Have you ever wondered what happens to mass murderers after they die? In what ways can their bodies be considered ‘toxic’?
Sociologists Daniel Robins of the University of York and Rosie Smith of York St John University explore the high-profile deaths of serial killer Ian Brady and Manchester bomber Salman Abedi. Discover how the criminals’ remains were managed and learn about their placement in what the mass media later termed the ‘monster morgue’.
Daniel and Rosie investigate whether some dead bodies can be considered ‘inhuman’ because of the exceptional character of the crimes they committed. What are the distinct problems mass murderers pose to death care professionals as well as the justice system? When does society stop punishing the criminally condemned? Could we ever forgive the criminal dead?
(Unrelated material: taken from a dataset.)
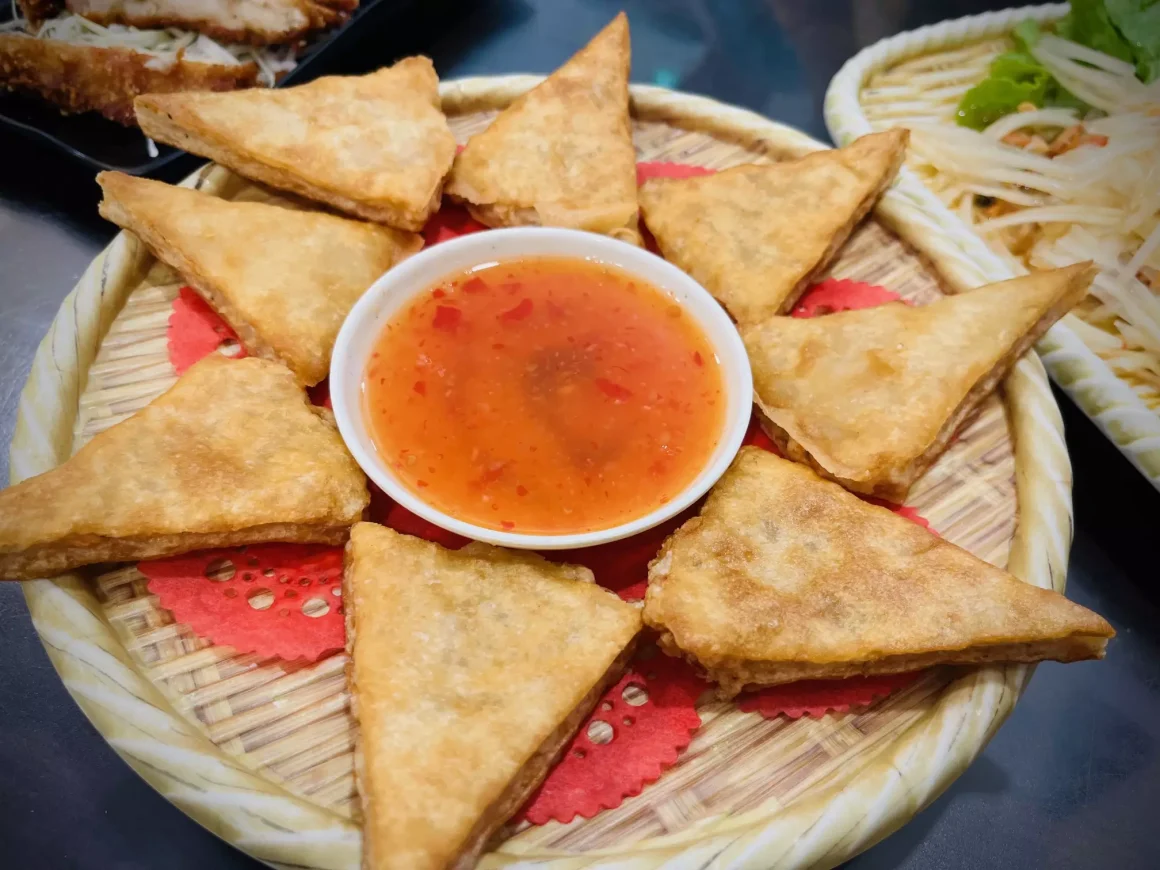 《蓮花泰式小吃店》新莊美食評價:平價道地泰式料理與2人千元有找點餐攻略 12 新莊美食推薦-蓮花泰式小吃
Join Daniel and Rosie as they shed light on the practices that surround managing the remains of those deemed ‘ungrievable’.
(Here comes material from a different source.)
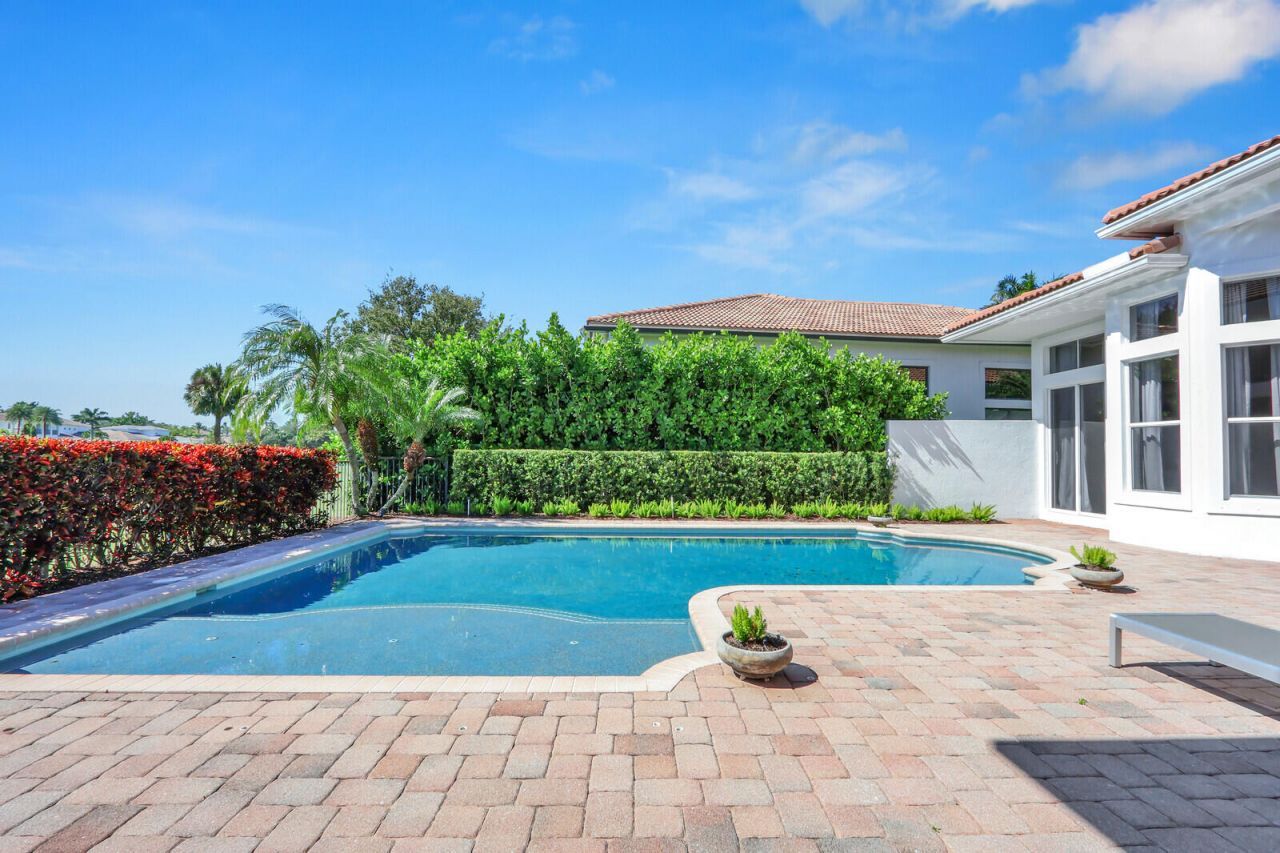 528 Les Jardin Drive, Palm Beach Gardens, FL 33410 Photo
Image credit: Ian Brady, flickr.com/Val Kerry
About the speakers
Daniel Robins is a doctoral researcher in Sociology at the University of York. His research project looks at how the materials of the dead body are managed as they pass through the death care process. It has a particular focus on bodies that have undergone medical interventions before death. More widely, Daniel has a background in Criminology and Anthropology, with a keen interest in how the bodies of the criminal dead are managed after death.
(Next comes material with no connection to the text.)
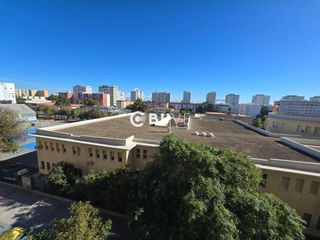 Pis  Calle medina sidonia. Se vende piso de 3 hab en distrito la paz  segunda aguada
Dr Rosie Smith is a Lecturer in Sociology and Criminology at York St John University, specialising in the fields of criminal justice, criminological and sociological theory. Her research looks at the new concept of 'Spectacular Justice' which explores the relationship between the mass media, high profile criminal cases, and the public. Her work crosses over criminological theory, visual criminology, death studies, and media studies.